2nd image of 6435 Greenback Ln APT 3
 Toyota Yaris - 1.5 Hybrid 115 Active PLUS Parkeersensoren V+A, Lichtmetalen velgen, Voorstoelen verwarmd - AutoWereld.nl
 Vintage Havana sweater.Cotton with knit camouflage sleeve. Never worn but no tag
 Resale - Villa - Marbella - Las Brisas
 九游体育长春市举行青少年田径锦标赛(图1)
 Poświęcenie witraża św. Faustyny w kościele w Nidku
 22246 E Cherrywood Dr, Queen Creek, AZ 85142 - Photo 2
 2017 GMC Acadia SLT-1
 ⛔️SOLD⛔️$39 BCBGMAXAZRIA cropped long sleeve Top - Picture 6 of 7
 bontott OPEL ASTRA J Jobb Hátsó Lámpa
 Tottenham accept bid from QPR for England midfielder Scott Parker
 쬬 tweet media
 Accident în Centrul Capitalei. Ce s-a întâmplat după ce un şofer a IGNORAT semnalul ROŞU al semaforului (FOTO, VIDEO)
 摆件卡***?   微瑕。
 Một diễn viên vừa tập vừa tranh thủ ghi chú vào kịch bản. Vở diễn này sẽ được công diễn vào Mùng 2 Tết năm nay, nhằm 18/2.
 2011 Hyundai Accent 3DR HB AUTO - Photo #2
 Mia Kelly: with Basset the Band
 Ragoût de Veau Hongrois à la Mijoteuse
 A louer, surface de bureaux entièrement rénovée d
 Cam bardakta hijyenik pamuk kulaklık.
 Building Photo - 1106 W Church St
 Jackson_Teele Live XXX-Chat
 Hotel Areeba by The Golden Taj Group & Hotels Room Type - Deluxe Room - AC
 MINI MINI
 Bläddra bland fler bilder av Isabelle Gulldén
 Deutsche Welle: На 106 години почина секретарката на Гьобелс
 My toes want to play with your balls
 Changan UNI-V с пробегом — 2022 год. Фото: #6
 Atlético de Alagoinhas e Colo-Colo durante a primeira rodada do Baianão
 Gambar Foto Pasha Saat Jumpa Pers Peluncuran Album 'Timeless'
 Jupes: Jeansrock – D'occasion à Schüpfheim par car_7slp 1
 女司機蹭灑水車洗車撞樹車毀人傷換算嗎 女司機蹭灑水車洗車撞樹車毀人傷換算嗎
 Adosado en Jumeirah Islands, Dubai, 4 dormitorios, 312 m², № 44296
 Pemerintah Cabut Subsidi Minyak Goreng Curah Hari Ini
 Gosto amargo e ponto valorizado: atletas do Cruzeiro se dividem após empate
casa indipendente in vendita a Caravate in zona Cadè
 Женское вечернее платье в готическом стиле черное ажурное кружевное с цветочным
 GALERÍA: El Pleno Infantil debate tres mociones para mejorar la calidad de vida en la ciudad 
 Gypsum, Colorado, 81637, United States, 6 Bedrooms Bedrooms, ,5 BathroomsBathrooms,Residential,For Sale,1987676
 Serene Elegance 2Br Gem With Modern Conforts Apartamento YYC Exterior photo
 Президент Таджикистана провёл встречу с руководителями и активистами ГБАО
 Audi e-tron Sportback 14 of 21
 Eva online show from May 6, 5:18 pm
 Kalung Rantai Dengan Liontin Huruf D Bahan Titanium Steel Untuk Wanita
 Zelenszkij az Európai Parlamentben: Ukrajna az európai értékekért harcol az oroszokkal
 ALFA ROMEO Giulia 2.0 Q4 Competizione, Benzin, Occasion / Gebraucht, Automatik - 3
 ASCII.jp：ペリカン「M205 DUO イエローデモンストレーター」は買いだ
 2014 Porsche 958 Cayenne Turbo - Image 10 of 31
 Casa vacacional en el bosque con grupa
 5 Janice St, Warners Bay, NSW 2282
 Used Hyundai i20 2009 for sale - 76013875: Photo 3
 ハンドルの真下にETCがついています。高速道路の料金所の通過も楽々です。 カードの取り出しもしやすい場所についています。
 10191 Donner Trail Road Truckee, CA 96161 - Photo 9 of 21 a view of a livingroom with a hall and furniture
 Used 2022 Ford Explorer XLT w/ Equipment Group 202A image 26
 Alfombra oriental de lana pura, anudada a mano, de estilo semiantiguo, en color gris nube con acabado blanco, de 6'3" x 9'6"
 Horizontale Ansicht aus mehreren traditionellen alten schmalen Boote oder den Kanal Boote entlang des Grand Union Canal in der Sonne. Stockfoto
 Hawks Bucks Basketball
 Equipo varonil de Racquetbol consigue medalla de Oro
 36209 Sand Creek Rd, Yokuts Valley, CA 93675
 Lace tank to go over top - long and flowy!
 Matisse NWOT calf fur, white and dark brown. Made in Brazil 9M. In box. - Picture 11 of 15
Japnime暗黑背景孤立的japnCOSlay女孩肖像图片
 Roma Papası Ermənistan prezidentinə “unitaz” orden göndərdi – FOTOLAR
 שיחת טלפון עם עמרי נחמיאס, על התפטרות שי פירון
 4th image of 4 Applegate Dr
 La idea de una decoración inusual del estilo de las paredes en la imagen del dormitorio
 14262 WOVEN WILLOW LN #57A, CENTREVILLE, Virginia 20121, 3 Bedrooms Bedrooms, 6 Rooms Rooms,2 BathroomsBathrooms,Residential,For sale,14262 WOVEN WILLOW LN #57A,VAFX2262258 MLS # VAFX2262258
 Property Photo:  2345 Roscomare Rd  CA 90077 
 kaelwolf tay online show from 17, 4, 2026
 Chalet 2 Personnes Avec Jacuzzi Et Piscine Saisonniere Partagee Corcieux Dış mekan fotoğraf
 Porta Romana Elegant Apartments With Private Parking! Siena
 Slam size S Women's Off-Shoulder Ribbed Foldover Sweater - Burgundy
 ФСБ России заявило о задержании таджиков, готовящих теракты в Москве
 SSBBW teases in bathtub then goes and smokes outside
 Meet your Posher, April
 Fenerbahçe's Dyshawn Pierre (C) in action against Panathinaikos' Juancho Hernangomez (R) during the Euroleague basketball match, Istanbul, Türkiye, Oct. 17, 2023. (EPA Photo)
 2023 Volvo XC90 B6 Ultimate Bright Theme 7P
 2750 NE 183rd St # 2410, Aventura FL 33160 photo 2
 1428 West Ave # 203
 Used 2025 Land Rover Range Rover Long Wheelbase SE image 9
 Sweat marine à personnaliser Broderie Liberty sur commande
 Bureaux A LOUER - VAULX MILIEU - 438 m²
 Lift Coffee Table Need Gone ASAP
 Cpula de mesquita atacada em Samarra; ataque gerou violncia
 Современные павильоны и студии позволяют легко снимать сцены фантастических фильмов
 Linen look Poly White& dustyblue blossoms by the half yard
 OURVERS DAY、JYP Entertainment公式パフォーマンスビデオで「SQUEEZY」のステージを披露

__________________________________________________

Task description: The lines of the data, from the first through the one containing "2011 Hyundai Accent 3DR HB AUTO - Photo #2", are to be transcribed exactly.

Result of this exercise:
2nd image of 6435 Greenback Ln APT 3
 Toyota Yaris - 1.5 Hybrid 115 Active PLUS Parkeersensoren V+A, Lichtmetalen velgen, Voorstoelen verwarmd - AutoWereld.nl
 Vintage Havana sweater.Cotton with knit camouflage sleeve. Never worn but no tag
 Resale - Villa - Marbella - Las Brisas
 九游体育长春市举行青少年田径锦标赛(图1)
 Poświęcenie witraża św. Faustyny w kościele w Nidku
 22246 E Cherrywood Dr, Queen Creek, AZ 85142 - Photo 2
 2017 GMC Acadia SLT-1
 ⛔️SOLD⛔️$39 BCBGMAXAZRIA cropped long sleeve Top - Picture 6 of 7
 bontott OPEL ASTRA J Jobb Hátsó Lámpa
 Tottenham accept bid from QPR for England midfielder Scott Parker
 쬬 tweet media
 Accident în Centrul Capitalei. Ce s-a întâmplat după ce un şofer a IGNORAT semnalul ROŞU al semaforului (FOTO, VIDEO)
 摆件卡***?   微瑕。
 Một diễn viên vừa tập vừa tranh thủ ghi chú vào kịch bản. Vở diễn này sẽ được công diễn vào Mùng 2 Tết năm nay, nhằm 18/2.
 2011 Hyundai Accent 3DR HB AUTO - Photo #2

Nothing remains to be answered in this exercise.